A Norman Records recommendation (4th January 2008)

Cover art for Orb by Alastair Galbraith Description: CD on Next Best Way
Format: CD
Genre(s): Singer-Songwriter
Label: Next Best Way
Price:
£8.49
Availability: Sold out / currently unavailable. Sorry!

5Rating: 5
...according to our on 04 January 2008.

Alastair Galbraith has been around for years and he's someone we've stocked since we started doing this 12 or so years ago back when he was doing gear for Flying Nun and Xpressway. I'm delighted he's still going as some of his stuff over the years has been amazing. Orb is his first album since 2000 and it's pretty inspirational gear. It's chocca full of hiss, fuzz, backwards guitars, layered vocals, interesting structures, folk, drones.... Listen to 'Skip' and you'll think your CD player is broken.
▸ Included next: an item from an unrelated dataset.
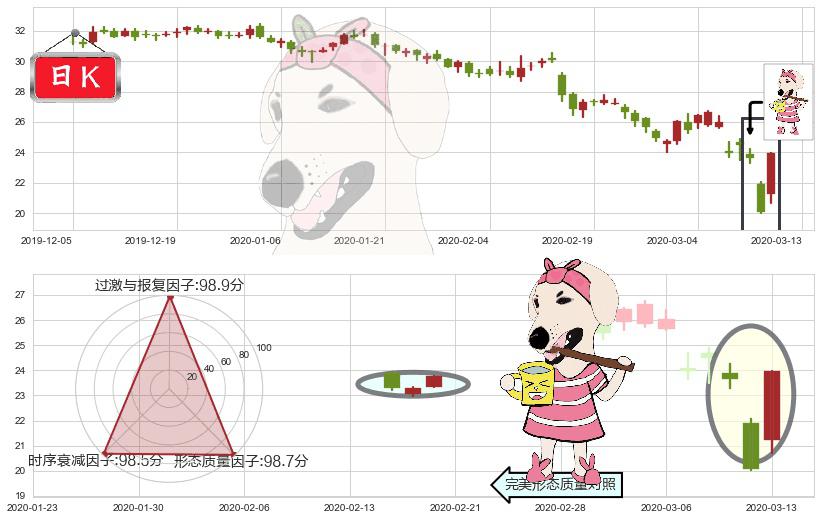 卡夫亨氏(usKHC)早晨之星（黎明之星）K线图-阿布量化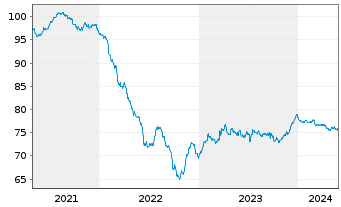 Chart Fomento Econom.Mexica.SAB D.CV EO-Nts. 2021(21/33) - 5 Years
I've heard it a few times now and it gets me every time. This is going to appeal to those of you into the whole New Zealand experimental folk scene. I love a bit of this me. CD only and they came fresh from the hills of Dunedin courtesy of the Nextbestway label. I reckon that's some sort of pun. I like puns, though not as much as Ant likes gloves. He's well jackson.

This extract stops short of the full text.